For entry names that contain only ASCII characters, the language encoding flag is set, and the current system default code page is used to encode the entry names.

You have not such big control with .NET classes about this topic. But if you do not specify an encoding you'll get default behavior (UTF8 for codes outside ASCII and current code page for ASCII). Most of times it works (if both encoding and decoding has been done within same code page).

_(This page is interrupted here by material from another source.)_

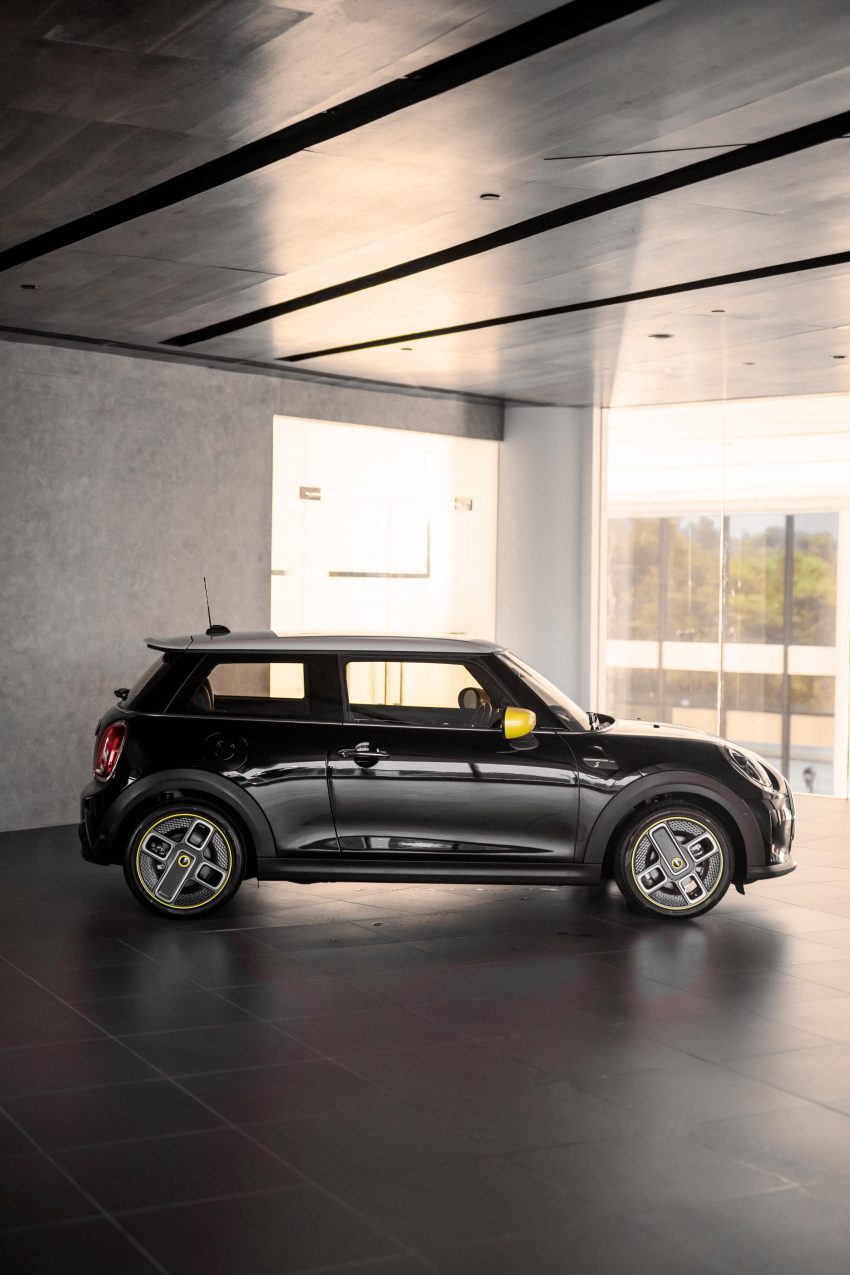 2021 MINI Cooper SE 纯电小改款本地上市, 售价21.3万起 155716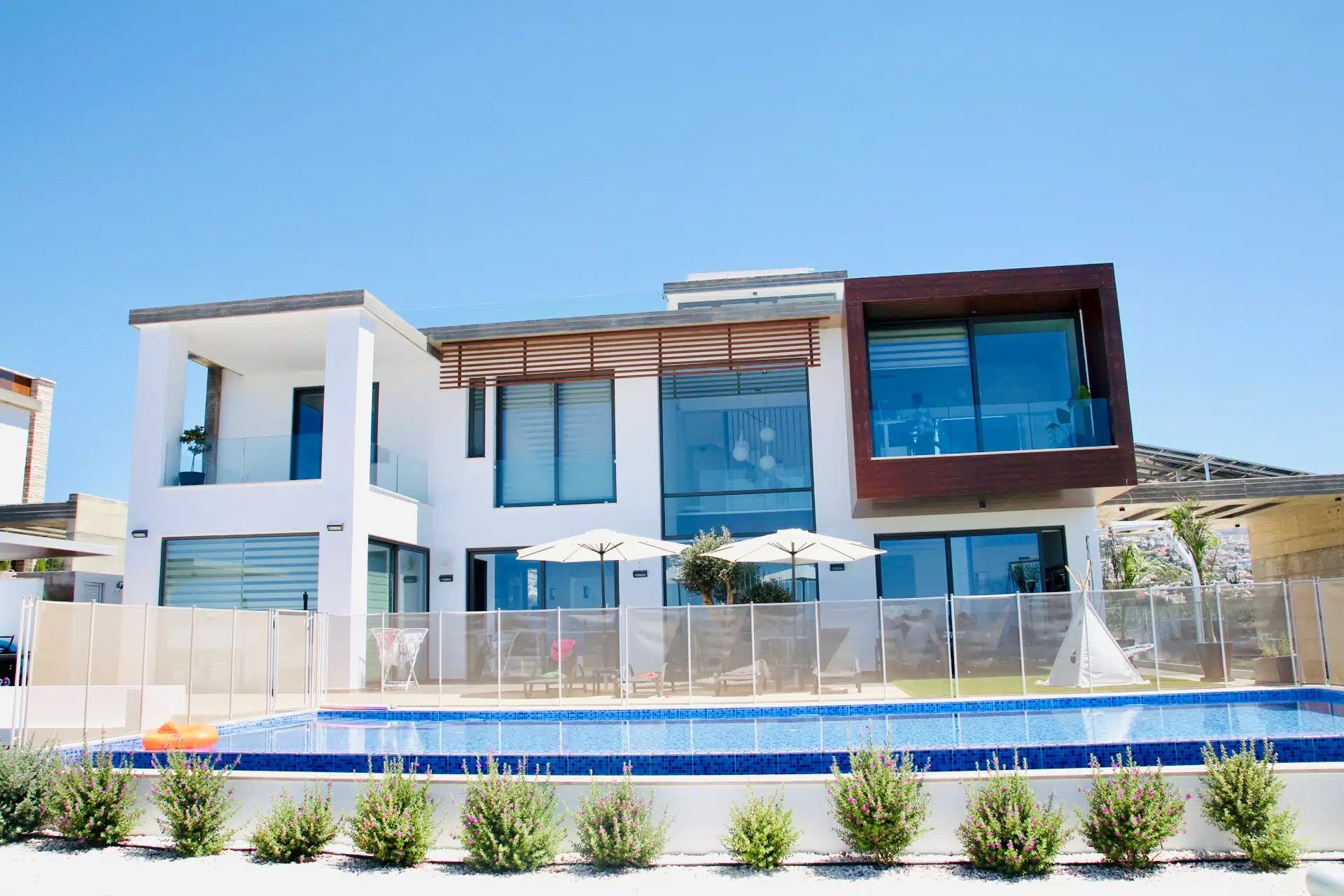 Luxury Brand New Villa For Sale in Sea Caves (Ref S15033) Real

How to avoid this? It's not easy (because we lack of a standard) but to summarize:

  • Do not force encoding (unless you're consuming zip file you zipped then with a known encoding).
  • Default behavior is pretty good in most of cases.
  • For ASCII encoded ZIPs with extended characters rely on system code page (it must be the same in both systems).
  • Provide a way to the user to change encoding (you can't check what's encoding used by zip utility and there is no standard about this). It means not only to change encoding (UTF8/UTF16 or whatever) but code page too (in case they doesn't match). GetEncoding function will give you right encoder for code page you specify).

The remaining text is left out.